- Given records
------------

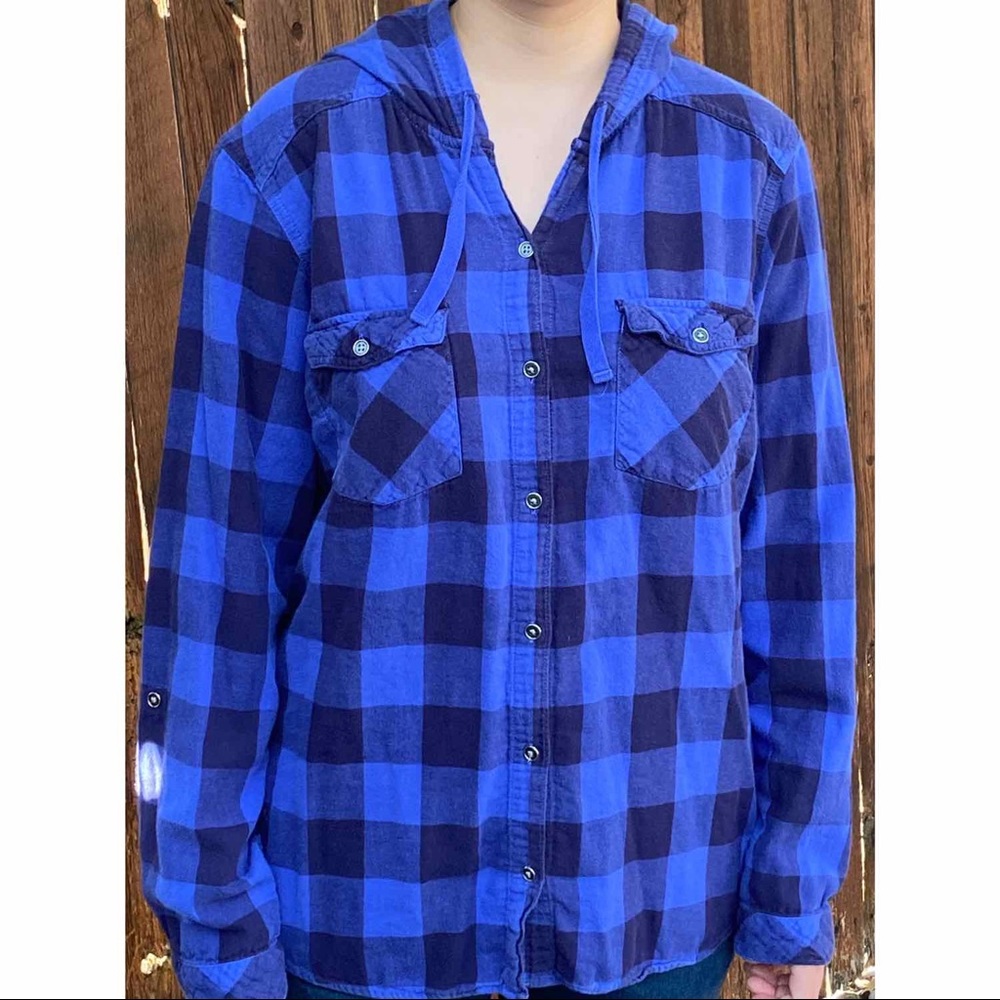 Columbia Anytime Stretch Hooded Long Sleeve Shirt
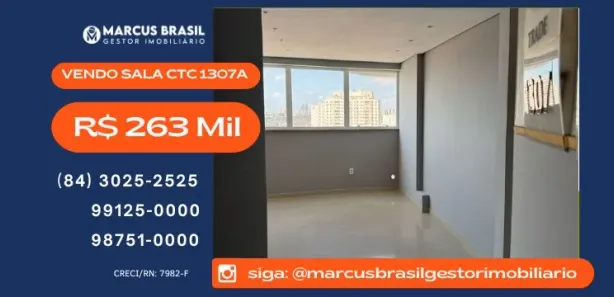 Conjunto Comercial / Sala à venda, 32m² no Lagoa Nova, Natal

------------

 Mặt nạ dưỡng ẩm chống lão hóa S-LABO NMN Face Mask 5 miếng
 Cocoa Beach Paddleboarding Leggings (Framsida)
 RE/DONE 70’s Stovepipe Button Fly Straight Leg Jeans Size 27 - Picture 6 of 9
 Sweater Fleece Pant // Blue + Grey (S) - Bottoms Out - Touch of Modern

------------

Only the lines above starting at the line that holds "Mặt nạ dưỡng" and ending at the line that holds "Sweater Fleece Pant" are to be repeated, exactly and in full.

 Mặt nạ dưỡng ẩm chống lão hóa S-LABO NMN Face Mask 5 miếng
 Cocoa Beach Paddleboarding Leggings (Framsida)
 RE/DONE 70’s Stovepipe Button Fly Straight Leg Jeans Size 27 - Picture 6 of 9
 Sweater Fleece Pant // Blue + Grey (S) - Bottoms Out - Touch of Modern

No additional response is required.